LYDEN: We should say that these notebooks can't be read as a kind of coherent narrative. I mean because first of all, they are hard to decipher and they are fragmentary.

Prof. FAGGEN: Yes, indeed they are. They were written over several decades, throughout his life, from the 1890s through the early 1960s. And he would jot down thoughts at random. And the notebooks are teeming with meditations, aphorisms, proverbs, short essays, drafts of poems, trial lines. And there is no particular order. And very often he will go back into a notebook over and over again over many years. So it's very hard to date any particular thought.

LYDEN: What was his handwriting like?

Prof. FAGGEN: Awful. And of course, as he grew older, the handwriting became almost, I would say, indecipherable. But nevertheless I'd say we got all of it.

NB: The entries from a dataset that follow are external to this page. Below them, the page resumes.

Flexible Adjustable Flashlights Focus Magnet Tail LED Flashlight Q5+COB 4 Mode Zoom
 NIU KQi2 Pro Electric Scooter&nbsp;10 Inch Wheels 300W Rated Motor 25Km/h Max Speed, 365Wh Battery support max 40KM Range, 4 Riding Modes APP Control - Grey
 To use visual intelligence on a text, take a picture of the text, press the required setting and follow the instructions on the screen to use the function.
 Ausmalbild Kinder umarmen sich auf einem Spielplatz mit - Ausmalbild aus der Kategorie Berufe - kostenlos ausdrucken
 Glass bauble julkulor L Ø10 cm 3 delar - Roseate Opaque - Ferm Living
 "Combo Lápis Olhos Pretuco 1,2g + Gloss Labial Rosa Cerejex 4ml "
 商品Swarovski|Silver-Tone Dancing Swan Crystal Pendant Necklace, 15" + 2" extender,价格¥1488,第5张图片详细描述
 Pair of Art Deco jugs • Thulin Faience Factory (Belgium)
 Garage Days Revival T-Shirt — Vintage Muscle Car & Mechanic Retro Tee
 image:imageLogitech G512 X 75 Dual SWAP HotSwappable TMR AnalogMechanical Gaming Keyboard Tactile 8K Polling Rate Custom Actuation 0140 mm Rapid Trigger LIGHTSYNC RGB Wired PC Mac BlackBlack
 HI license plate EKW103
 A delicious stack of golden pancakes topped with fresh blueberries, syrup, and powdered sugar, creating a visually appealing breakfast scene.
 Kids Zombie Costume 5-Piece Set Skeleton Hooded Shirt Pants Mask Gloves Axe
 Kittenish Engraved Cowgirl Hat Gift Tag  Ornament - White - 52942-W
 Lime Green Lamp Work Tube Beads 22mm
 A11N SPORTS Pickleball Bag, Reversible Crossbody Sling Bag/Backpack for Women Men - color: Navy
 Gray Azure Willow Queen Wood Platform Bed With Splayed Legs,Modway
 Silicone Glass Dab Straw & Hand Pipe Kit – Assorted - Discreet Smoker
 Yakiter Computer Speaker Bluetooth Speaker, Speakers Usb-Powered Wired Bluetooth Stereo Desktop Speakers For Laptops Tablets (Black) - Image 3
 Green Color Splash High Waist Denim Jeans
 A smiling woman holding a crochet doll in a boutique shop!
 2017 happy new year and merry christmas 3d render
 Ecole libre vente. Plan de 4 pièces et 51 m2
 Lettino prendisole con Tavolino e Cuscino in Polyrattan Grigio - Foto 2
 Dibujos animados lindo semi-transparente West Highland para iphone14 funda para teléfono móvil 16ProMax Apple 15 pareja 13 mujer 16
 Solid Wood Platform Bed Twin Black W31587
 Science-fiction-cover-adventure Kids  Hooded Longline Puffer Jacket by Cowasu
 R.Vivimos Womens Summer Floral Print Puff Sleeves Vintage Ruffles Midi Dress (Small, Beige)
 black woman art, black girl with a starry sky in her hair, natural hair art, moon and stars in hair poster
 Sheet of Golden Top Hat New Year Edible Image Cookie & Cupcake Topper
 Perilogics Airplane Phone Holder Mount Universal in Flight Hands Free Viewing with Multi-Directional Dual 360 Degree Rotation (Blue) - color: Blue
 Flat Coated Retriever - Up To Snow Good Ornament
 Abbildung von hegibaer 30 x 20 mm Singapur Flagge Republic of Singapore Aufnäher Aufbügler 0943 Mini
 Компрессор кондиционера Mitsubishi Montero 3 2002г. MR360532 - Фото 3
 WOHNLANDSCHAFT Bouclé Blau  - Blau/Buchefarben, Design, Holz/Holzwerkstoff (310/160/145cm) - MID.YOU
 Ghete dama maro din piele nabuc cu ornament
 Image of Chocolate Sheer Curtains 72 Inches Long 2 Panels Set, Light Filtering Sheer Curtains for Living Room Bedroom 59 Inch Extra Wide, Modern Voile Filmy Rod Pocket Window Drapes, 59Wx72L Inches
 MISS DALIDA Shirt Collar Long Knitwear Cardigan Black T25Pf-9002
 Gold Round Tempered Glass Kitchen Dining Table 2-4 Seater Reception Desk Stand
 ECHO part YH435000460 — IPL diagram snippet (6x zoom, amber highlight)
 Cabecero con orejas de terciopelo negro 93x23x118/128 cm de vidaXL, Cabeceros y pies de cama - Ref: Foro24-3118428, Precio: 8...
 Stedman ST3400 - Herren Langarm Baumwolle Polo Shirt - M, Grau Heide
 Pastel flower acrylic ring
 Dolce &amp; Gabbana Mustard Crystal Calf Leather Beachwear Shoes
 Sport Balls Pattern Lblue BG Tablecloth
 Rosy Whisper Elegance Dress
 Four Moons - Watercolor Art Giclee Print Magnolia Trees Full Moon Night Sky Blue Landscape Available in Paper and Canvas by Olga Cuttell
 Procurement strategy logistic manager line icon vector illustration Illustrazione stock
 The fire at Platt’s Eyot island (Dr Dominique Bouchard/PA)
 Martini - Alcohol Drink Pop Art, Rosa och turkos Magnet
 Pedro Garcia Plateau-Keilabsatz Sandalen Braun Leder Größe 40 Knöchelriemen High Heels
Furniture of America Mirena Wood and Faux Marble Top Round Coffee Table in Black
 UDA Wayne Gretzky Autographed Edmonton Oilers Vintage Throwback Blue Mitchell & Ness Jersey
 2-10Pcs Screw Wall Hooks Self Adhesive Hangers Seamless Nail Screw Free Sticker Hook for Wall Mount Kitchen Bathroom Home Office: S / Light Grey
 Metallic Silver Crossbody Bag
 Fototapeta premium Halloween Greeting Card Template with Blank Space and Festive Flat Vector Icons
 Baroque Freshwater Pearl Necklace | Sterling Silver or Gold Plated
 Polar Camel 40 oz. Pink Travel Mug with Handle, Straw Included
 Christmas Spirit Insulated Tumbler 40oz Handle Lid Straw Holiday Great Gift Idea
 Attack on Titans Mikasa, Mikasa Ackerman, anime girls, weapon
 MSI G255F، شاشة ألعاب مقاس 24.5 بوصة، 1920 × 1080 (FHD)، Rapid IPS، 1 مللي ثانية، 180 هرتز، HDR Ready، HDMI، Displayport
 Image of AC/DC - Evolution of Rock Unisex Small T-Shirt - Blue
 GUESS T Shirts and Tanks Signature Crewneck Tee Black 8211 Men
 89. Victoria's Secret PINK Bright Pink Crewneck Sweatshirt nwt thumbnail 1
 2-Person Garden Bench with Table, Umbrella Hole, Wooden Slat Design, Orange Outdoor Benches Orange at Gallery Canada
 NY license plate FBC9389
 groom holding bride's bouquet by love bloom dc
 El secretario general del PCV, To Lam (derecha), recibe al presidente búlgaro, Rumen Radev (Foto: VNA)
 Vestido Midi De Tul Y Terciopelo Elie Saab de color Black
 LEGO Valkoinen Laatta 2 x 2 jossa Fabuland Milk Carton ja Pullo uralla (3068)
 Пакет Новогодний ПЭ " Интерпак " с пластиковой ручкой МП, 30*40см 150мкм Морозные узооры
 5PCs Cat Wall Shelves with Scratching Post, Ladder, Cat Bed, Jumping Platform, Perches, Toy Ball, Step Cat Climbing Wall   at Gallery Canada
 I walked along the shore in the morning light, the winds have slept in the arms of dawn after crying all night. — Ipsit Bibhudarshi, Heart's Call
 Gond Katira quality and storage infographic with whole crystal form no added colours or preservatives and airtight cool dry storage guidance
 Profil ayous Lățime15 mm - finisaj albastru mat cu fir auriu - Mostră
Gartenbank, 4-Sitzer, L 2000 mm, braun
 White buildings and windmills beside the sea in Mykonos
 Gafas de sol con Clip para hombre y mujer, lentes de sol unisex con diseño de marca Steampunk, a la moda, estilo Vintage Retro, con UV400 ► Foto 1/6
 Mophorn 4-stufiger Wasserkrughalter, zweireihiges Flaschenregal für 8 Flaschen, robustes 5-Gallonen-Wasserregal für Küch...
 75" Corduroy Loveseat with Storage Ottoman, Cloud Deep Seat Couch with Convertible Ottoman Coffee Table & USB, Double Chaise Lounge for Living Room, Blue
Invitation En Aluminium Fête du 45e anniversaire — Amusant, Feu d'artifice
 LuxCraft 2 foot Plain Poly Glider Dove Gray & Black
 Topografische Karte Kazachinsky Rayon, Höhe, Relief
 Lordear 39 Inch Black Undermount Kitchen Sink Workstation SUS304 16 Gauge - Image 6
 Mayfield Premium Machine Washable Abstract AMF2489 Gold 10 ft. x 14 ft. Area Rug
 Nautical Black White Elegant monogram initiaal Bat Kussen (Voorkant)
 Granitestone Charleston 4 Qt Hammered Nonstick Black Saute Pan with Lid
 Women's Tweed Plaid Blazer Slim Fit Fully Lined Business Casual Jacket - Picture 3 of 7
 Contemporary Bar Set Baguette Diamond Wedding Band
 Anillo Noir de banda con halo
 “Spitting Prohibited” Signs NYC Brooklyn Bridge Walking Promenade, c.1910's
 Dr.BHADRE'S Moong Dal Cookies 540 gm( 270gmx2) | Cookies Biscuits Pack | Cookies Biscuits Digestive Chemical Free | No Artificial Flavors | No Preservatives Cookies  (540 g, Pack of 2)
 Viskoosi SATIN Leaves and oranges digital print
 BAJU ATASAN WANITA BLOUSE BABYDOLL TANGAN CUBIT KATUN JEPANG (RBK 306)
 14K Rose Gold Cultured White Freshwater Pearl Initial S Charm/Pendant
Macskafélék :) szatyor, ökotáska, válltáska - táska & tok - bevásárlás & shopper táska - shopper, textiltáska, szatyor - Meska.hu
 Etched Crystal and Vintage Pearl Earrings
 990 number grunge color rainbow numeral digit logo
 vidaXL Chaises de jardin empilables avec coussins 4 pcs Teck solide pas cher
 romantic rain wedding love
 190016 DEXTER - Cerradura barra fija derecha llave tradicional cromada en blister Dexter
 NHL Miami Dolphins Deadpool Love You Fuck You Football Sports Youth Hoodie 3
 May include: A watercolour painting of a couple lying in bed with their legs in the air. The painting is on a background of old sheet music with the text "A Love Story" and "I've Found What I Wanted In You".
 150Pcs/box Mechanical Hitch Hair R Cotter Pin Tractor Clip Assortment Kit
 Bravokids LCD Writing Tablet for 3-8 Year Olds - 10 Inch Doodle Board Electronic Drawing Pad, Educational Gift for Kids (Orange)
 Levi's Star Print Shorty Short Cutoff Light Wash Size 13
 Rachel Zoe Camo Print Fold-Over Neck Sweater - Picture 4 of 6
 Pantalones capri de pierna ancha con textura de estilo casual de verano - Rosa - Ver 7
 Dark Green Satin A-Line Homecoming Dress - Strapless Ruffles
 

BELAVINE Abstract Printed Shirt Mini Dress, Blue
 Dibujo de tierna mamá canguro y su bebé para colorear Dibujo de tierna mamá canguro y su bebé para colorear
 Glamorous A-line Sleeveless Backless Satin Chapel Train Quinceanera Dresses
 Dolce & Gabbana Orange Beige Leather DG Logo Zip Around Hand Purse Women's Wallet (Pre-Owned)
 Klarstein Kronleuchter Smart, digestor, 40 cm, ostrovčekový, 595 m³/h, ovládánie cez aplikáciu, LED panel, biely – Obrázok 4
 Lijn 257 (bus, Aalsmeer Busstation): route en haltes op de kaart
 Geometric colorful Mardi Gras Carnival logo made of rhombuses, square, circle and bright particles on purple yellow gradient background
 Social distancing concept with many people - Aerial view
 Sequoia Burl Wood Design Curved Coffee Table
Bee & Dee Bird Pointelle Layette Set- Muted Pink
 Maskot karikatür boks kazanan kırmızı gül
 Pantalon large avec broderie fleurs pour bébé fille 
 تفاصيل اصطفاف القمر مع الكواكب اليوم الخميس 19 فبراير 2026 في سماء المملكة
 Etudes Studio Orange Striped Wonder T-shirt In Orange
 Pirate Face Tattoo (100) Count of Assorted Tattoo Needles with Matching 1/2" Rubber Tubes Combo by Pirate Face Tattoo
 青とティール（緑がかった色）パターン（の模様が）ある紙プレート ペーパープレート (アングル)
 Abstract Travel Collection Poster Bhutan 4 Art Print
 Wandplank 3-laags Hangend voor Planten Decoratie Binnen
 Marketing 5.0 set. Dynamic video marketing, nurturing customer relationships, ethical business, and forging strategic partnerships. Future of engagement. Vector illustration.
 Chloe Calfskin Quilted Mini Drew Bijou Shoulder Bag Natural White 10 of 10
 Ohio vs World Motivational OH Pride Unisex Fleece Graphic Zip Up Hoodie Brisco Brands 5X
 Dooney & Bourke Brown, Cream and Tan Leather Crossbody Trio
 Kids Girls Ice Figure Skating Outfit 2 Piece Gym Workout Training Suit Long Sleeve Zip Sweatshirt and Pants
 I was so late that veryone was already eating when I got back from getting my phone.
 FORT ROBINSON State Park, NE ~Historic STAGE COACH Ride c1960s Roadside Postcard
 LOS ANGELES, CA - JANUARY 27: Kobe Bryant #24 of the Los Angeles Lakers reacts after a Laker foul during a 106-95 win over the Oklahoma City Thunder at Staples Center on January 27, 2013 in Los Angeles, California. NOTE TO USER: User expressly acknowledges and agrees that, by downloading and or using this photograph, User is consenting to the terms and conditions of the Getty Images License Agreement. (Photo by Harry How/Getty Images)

LYDEN: But you did decipher it and it took you a very long time.

Prof. FAGGEN: It took me about five years.

LYDEN: When you first started reading these small notebooks, what struck you as the most surprising about this poet whom you would have thought you had known so very well?

Prof. FAGGEN: I think the intensity of the thought and the compression of the thought. There is really very little dross. You say at the beginning a mundane thought. I would say that he observes ordinary life, but that there is always a kind of intensity about it. And there's very little in the notebooks by way of journal keeping - that is, it's Frost thinking and Frost thinking hard and fast about poetry, about science, about religion. And Frost presented himself as a folksy, down to earth dispenser of homespun wisdom. And I think that was a way of deflecting some of the more complicated, sometimes even tragic aspects of his character and of his work, and more subtle aspects of his work.

LYDEN: Can you just give us a description from one of these notebooks that would illustrate what it is you're saying?

Prof. FAGGEN: Well, there are so many examples in the notebooks. I mean one thought that comes to mind, just off the top of my head, just a phrase: where poetry is posted on the brink of spiritual disaster. That is the kind of quick, quick thought that one would want to think about for a very long time.

LYDEN: That poetry stands on the brink - that would just be a jotting.

Prof. FAGGEN: Yes. Well here's one. In tracing back an idea, institution or species to its origin, it is, as it were, to consider a larkspur, and descending from more flower to less, go right past the stem and come to an end with a spur. It looks as if the pale point of the spur were what the flower had derived from instead of from the stem, which is not flower-like at all.

LYDEN: Hmm.

Prof. FAGGEN: And then he has just a little drawing of a larkspur with stem. So the larkspur becomes a metaphor for the way in which thought seems to spring, almost mysteriously, from no discernable origin at all.

LYDEN: It's like a small map of his thinking about a poem, really, or a diagram.

Prof. FAGGEN: Yes, it is.

LYDEN: Robert Frost read at John F. Kennedy's inauguration, of course. You provide us with this wonderful quote that Kennedy said about Frost at the groundbreaking for the Frost Library in Amherst.

Prof. FAGGEN: Yes.

LYDEN: If Frost was much honored in his own life, it was because many preferred to ignore his darker truths.

Prof. FAGGEN: Yes.

LYDEN: What'd he mean?

Prof. FAGGEN: I think that Frost was an accessible poet, but he followed in a tradition that the Roman poet Lucretius wrote in, which was sweetening the wormwood with a kind of accessibility. That is, he made his poems brilliantly palatable. And I think the evidence of that is how widely they're read and how wonderfully they're misunderstood. Frost is often, I think, seen as providing a simple kind of order, or a comfort, and that very often as one reads him more carefully that one begins to see the complexity and even sometimes the tragedy in his work.

LYDEN: So we're willing to see this cycle of nature, but maybe skip over the part about decay.

Prof. FAGGEN: Yes, I think so.

LYDEN: Do...

Prof. FAGGEN: I think the notebooks make it somewhat harder to avoid.

LYDEN: Well, Robert Faggen, thank you very much for being us.

Prof. FAGGEN: Thank you.

LYDEN: Robert Faggen is a professor of literature at Claremont McKenna College in California and he's the editor of "The Notebooks of Robert Frost."